The Donor Coordination Group (DCG) convened the major OECD international donors (many of whom were also in diplomatic roles and headed in-country by ambassadors). Set up in 2004, one of the DCG’s aims was to ‘streamline donor coordination’ (Zeeuw 2010: 16). The DCG had spearheaded the 2007 Kenya Joint Assistance Strategy and, during the crisis, it was the most significant donor mechanism. The DCG represented the main forum for the discussion of appropriate donor responses. For example, the ‘no business as usual’ approach was agreed by this group and it became the mechanism through which Kofi Annan, and later his representative Ambassador Nana, were able to convey mediation progress and mobilise international support.27
To coordinate donor activity, the DCG had already set up seventeen sector working groups, the membership of each comprising specialists from the various donors. The Democratic Governance Donor Group (DGDG)28 is one that had been meeting regularly before the crisis. Several donor agencies commented that during the crisis the DGDG became particularly critical for flexibly coordinating efforts.29 The group rapidly responded to the crisis meeting much more frequently, even on a weekly basis, at the height of the crisis. The group ‘shared its own and external information and analysis widely’ and it took on ‘technical liaison with mediation staff and funders’, and it ‘encouraged joint decision making’ and coordination with Kenyan domestic groups.30
The DGDG also created a new conflict sub-group which, among other remits, ‘led on coordination and liaison with the Commission into the Post Election Violence’, established under the mediation to investigate and make recommendations on the post-election violence.31 Other existing sub-groups included: an Elections Group which liaised with the Independent Review of the Elections and influenced and funded subsequent reforms; Governance, Justice, Law and Order and Public Sector Reform Group, which suspended joint government-donor programmes during the crisis; and a Civil Society Group that mobilised funding for civil society organisations.

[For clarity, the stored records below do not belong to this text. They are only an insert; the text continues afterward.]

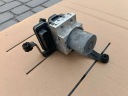 НАСОС ГАЛЬМІВНОЮ ABS DSC DXC9 DO BMW X5 F15 2016 РІК  (1090807013) фото min 5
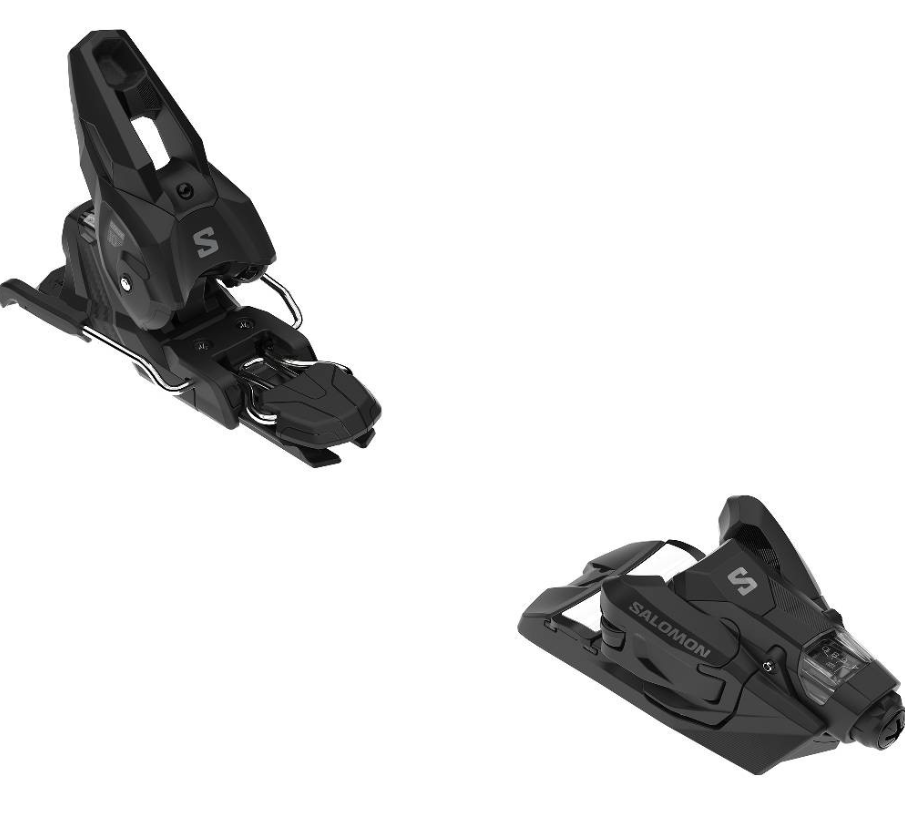Salomon Strive 10 GW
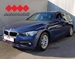 BMW SERIJA 3 318d Touring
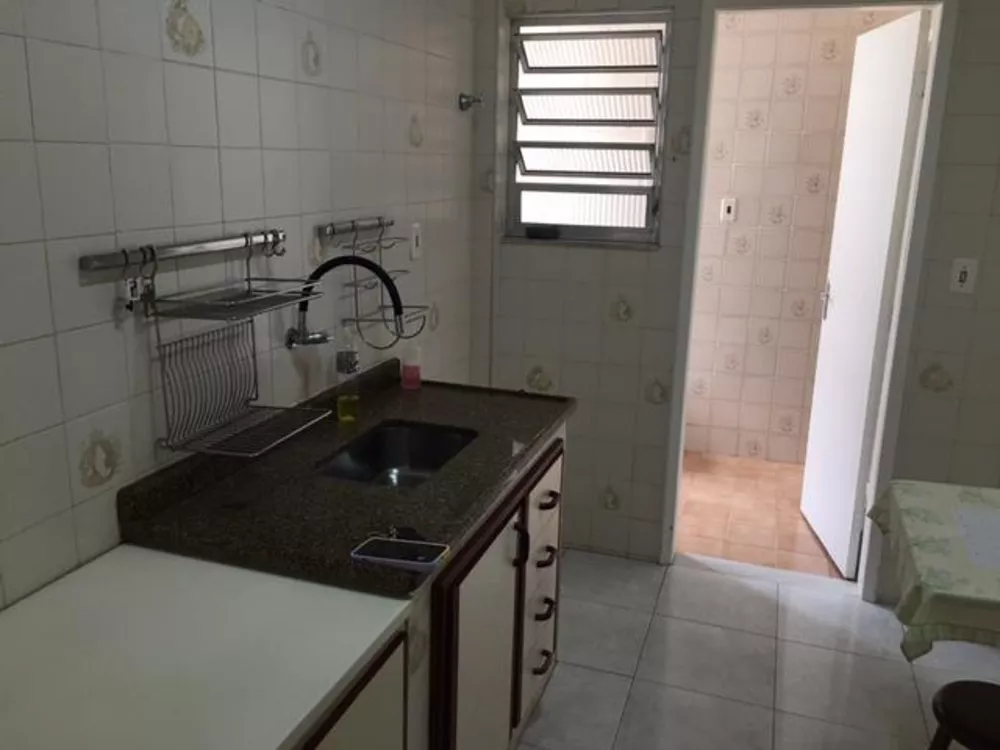 Chácara, 6 quartos, 15 hectares - Foto 15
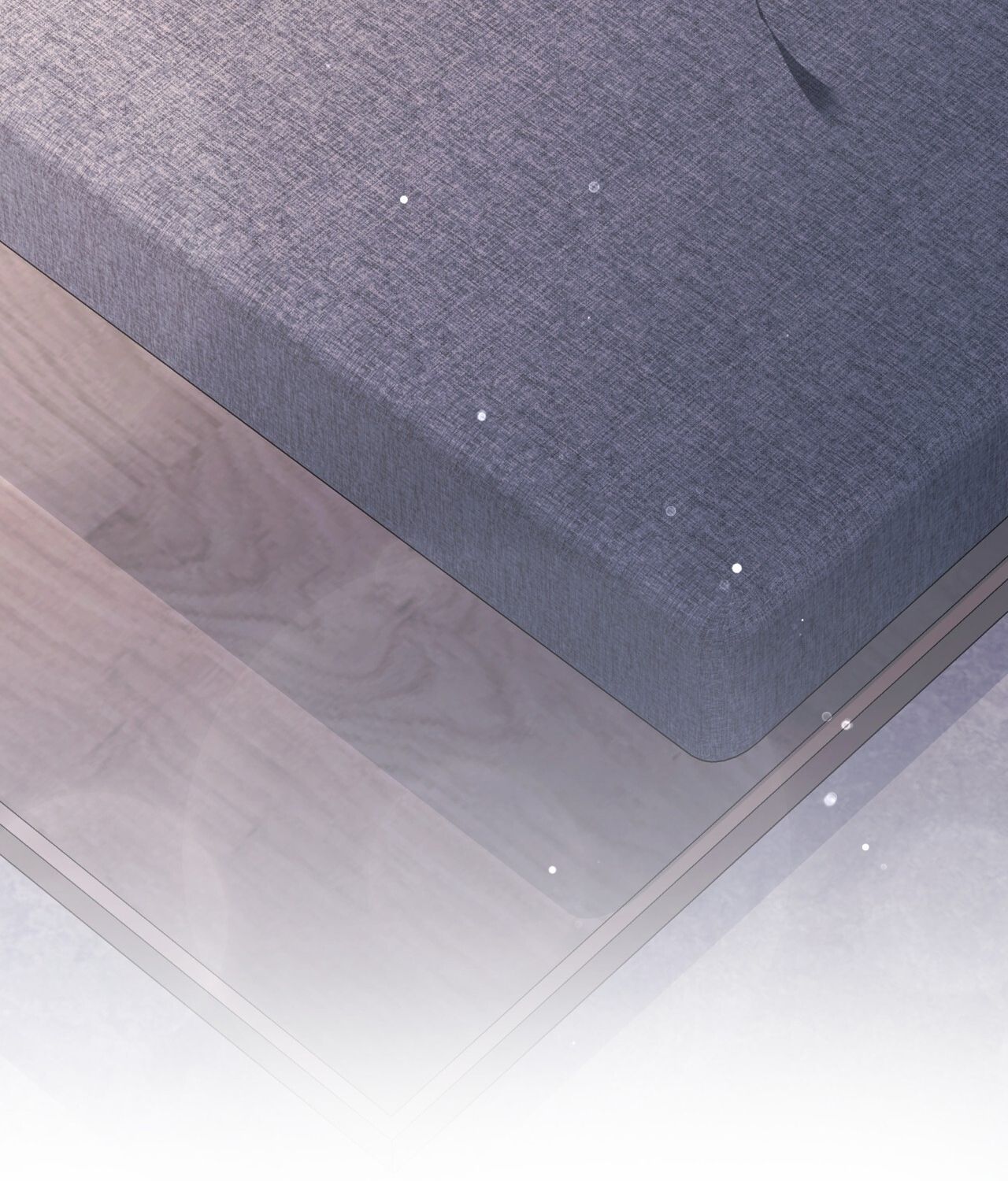 Nhất Túy Kinh Niên - Chương 22.2 - Trang 60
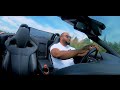 Pasteur Moise Mbiye NA NZELA NA NGA Clip Officiel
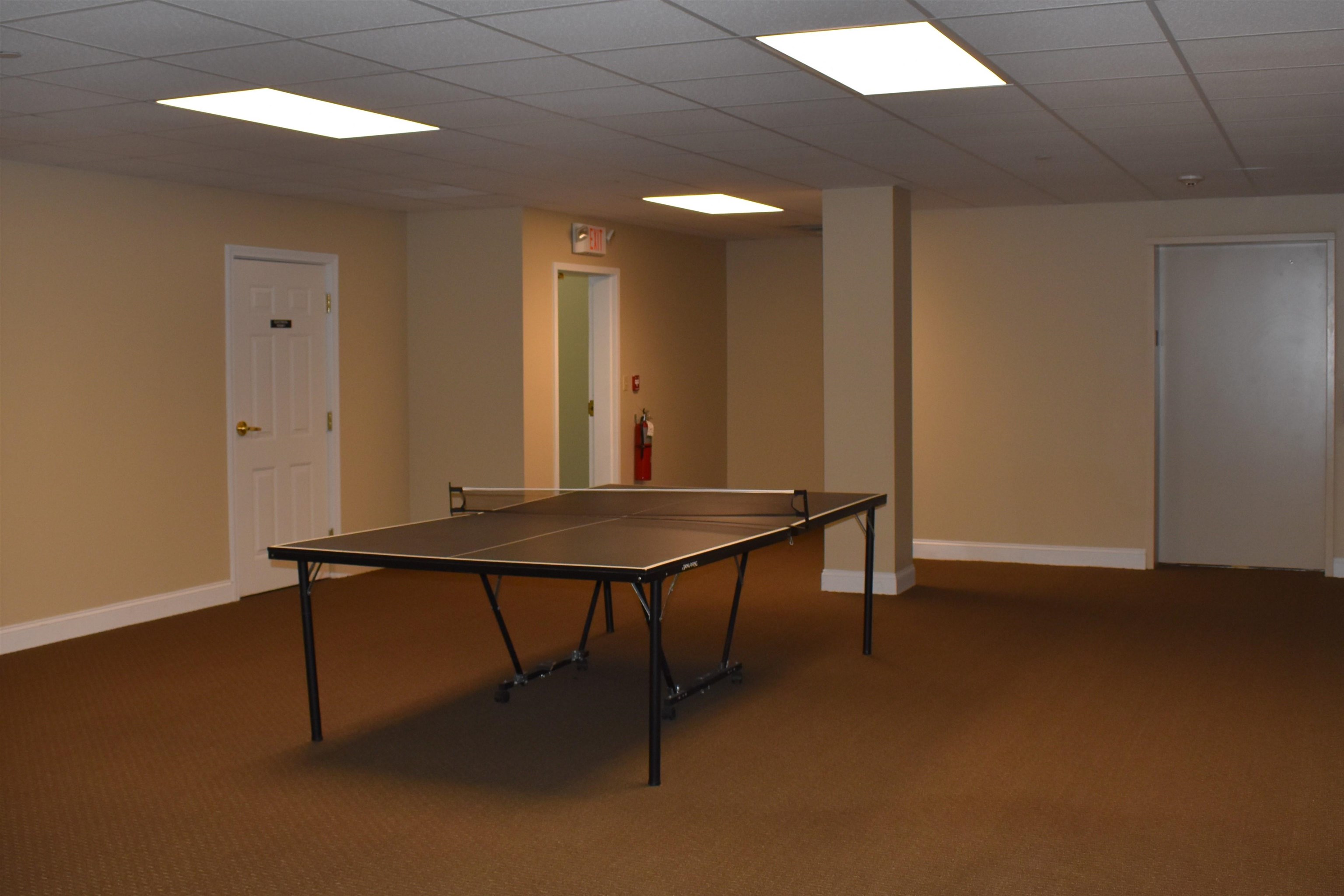 118 Secretariat Estates, Unit 105 Rochester, NH 03867 - Photo 29 of 38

The groups shared responsibilities among members so as to ensure efficient operation and fast response to arising issues. Each sub-group was chaired by different donors, sharing the workload. In 2009, when the Constitutional Commission was underway but needed unexpected and rapid funding, the DGDG spotted the gap and organised a joint process with UNDP to the appreciation of the Vice Chair.32
Another important body was the ‘Like Minded Partners Political Group’ (Limid-P).33 Made up of ‘political counsellors from like-minded countries’ including US, Canada, many EC countries, Japan, Mexico and Switzerland. This group met frequently during the crisis.34 Quickly registering the need for increased efficiency and coordination given the complexity of the crisis and emerging solutions, Limid-P and DGDG co-chairs established a formal collaboration and division of labour to ‘pool resources, choose which existing technical groups would be best to lead on which initiatives, and share information across the political, development and governance spheres’ (Limid-P and DGDG 2008: 1). This ensured a very close relationship between political and development actors. In the past, the international community had often handled politics and development as different portfolios, sometimes without reference to one another. This was arguably a problem with the pre-crisis support to elections. International actors now recognised the importance of not only understanding the technical governance issues at hand, but also of being attuned to the political economy dynamics that were shaping and underpinning Kenya’s political context at the time.35
The rapid strategic collaboration outlined above was replicated with funding efforts, particularly for the mediation. On behalf of the donors, the United Nations Development Programme (UNDP) set up a multi donor trust fund (MDTF) for the mediation process, into which all donors were able to pay and pool resources. The Fund’s managers adopted a flexible approach and delivered a rapid response to the crisis.36 UNDP regarded it as a priority and assigned significant numbers of staff to manage and administer it.37 It was also very easy for donors to pay into the fund ‘as most already had accounts set up with the UN’ and many donors quickly committed their contributions.38 Facilitating ‘common reporting and joint monitoring of finances’ amongst the donors, the MDTF represented a positive example of coordination which responded efficiently to the crisis.39
The existing donor and diplomatic coordination mechanisms were critical to a coordinated rapid and effective crisis response. The international community used its structures and staff efficiently and divided labour, ensuring that the hugely increased workload was shared across the political and development communities. Importantly, it quickly adjusted to coordinate work on conflict prevention and the critical new constitution process.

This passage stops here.